**** SUPPLIED INFORMATION

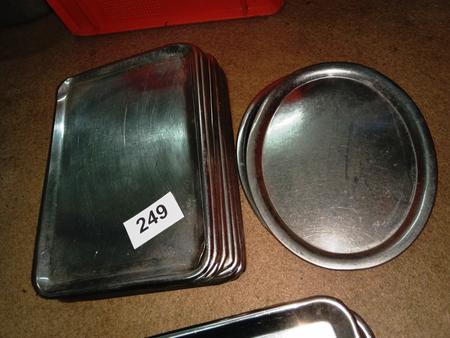 17 Stück Vitrinentassen 17 Stück Vitrinentassen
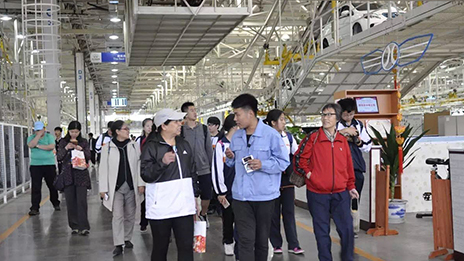 国企开放日，首都市民为凯发k8国际新能源“点赞”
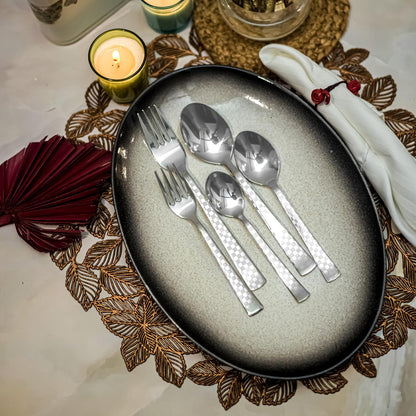 6 Pieces Stainless Steel Premium Dinner Spoon Set, 18.5 cm, Silver, Checks Design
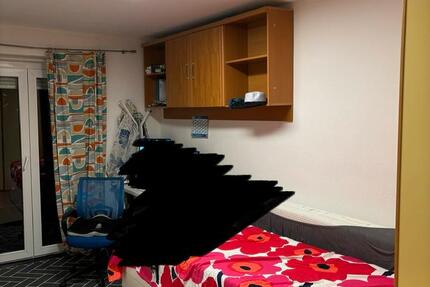 Ich biete ein Zimmer - in Favoritepark LB, 500 Kalt, 120NabnKostn zimmer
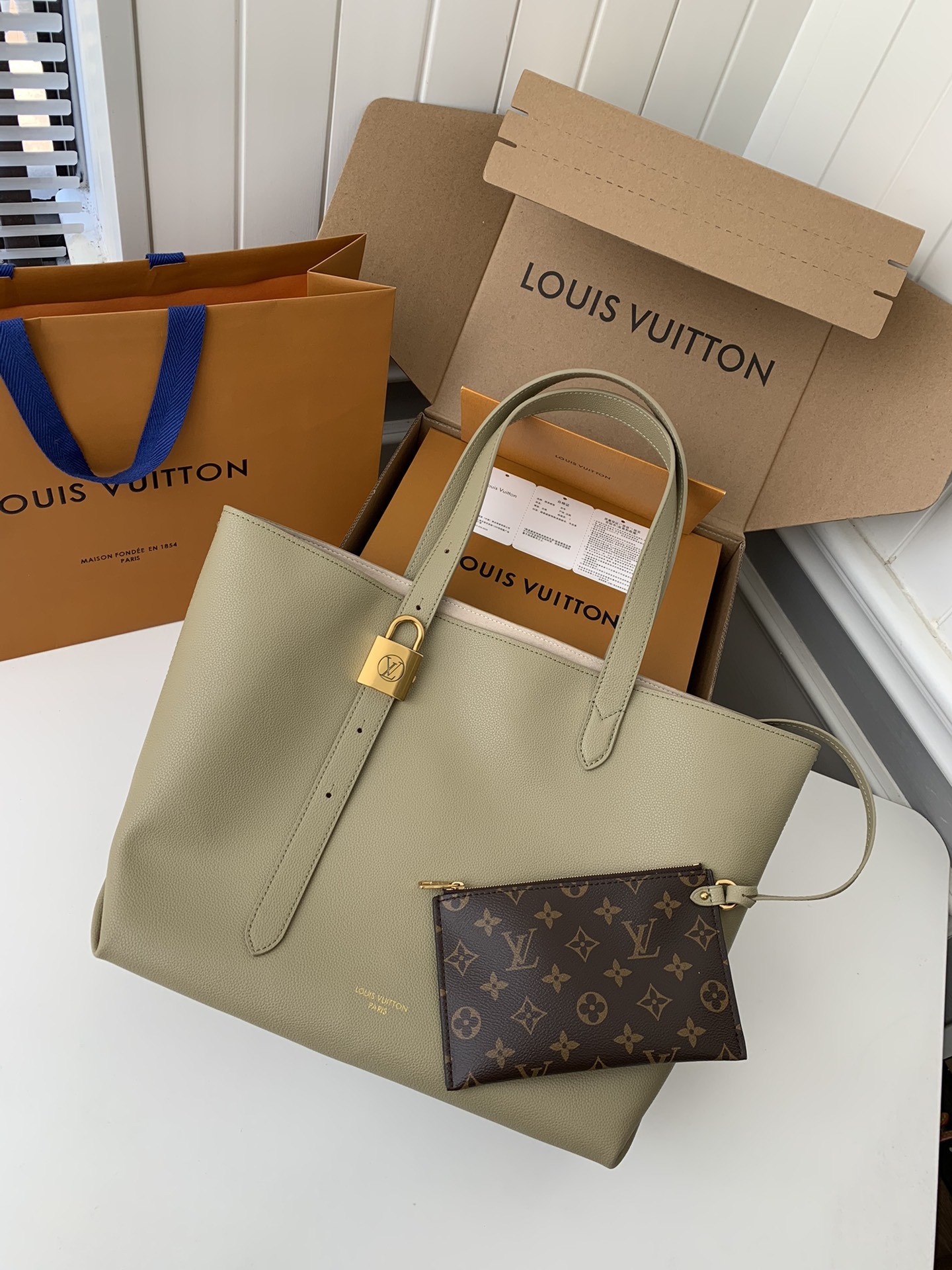 「#2504」Louis Vuitton Low Key Cabas Mid -number Handbag M25343 Size: 30*14*47cm - Image 2
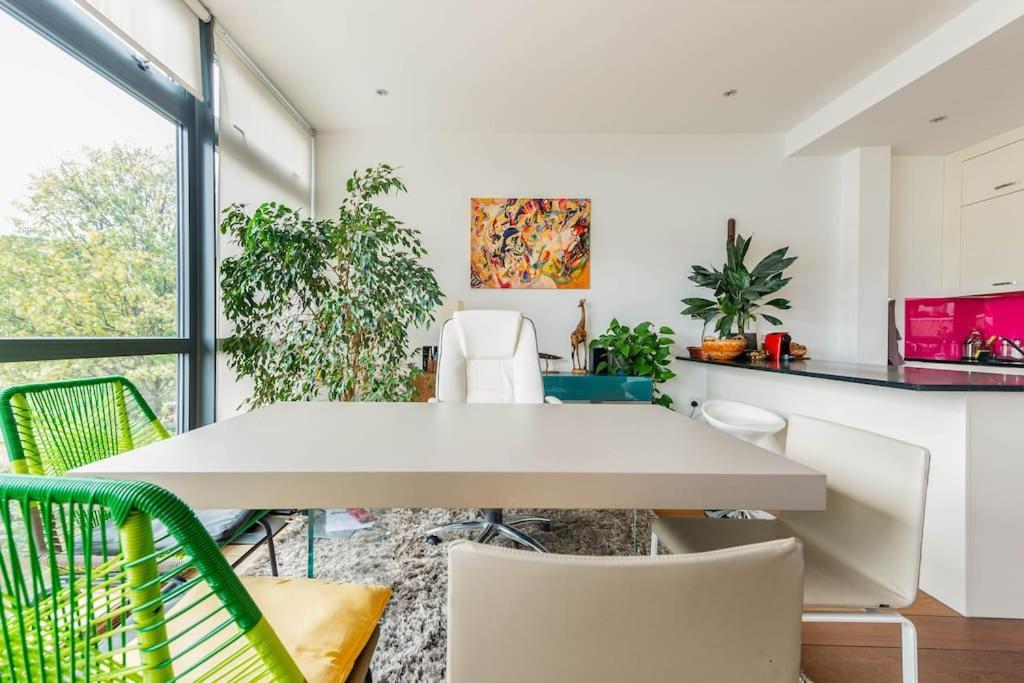 Apartament Luxurious Flat Sunny, Quiet, Design, Lift, Balcony Londyn Zewnętrze zdjęcie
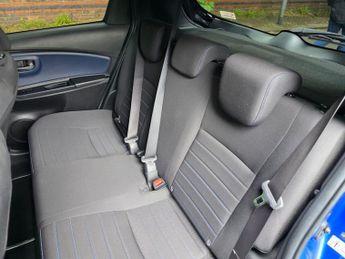 Toyota Yaris 1.5 VVT-h Blue Bi-Tone E-CVT Euro 6 (s/s) 5dr
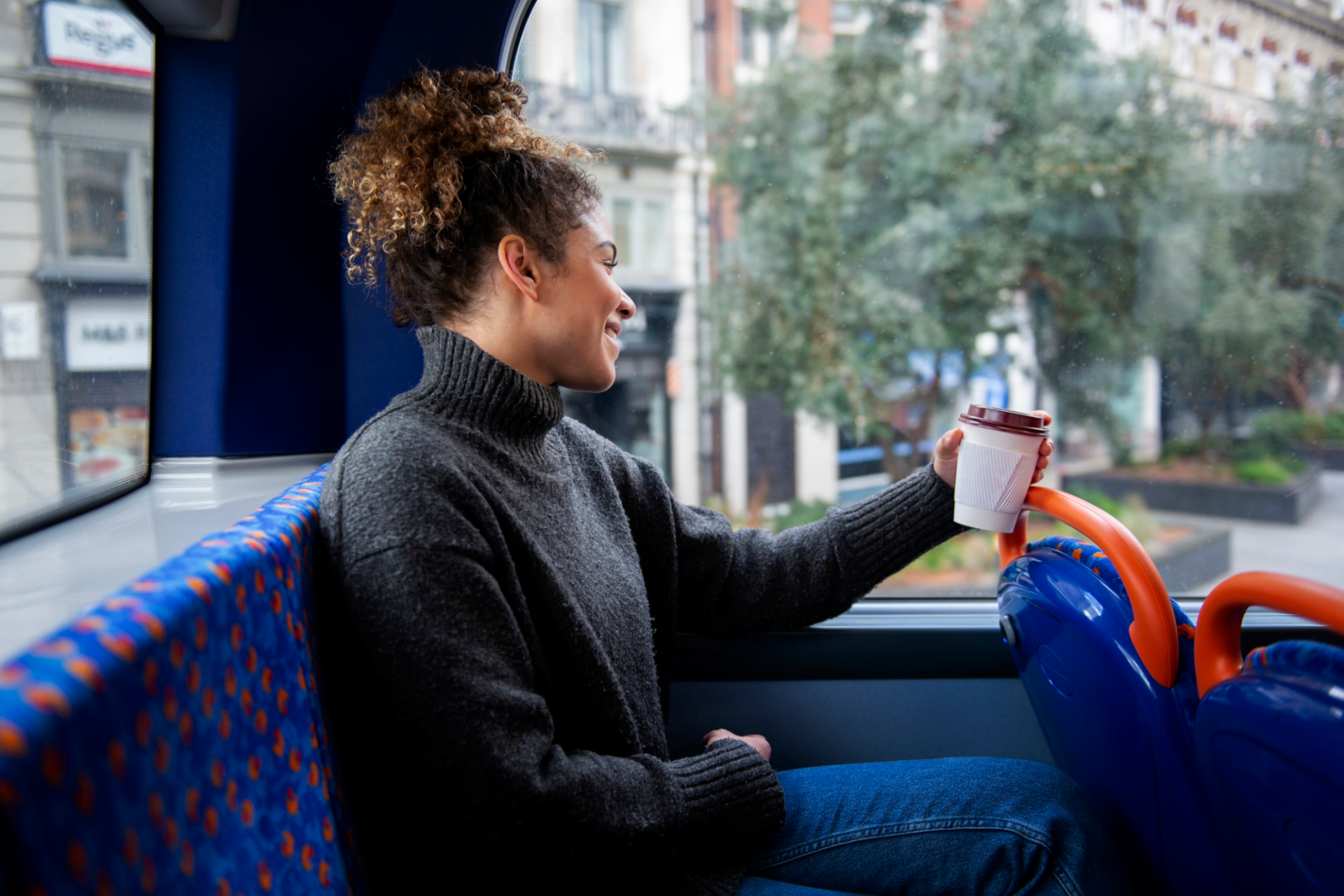 Jeune femme dans un bus de ville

********

§ **ABOUT THIS EXERCISE**
The stretch above running from the line with "6 Pieces Stainless" through the line with "30*14*47cm - Image 2" is all you should copy, exactly, leaving out the pictures.

§ **RESPONSE FOR THIS EXERCISE**
 6 Pieces Stainless Steel Premium Dinner Spoon Set, 18.5 cm, Silver, Checks Design
 Ich biete ein Zimmer - in Favoritepark LB, 500 Kalt, 120NabnKostn zimmer
 「#2504」Louis Vuitton Low Key Cabas Mid -number Handbag M25343 Size: 30*14*47cm - Image 2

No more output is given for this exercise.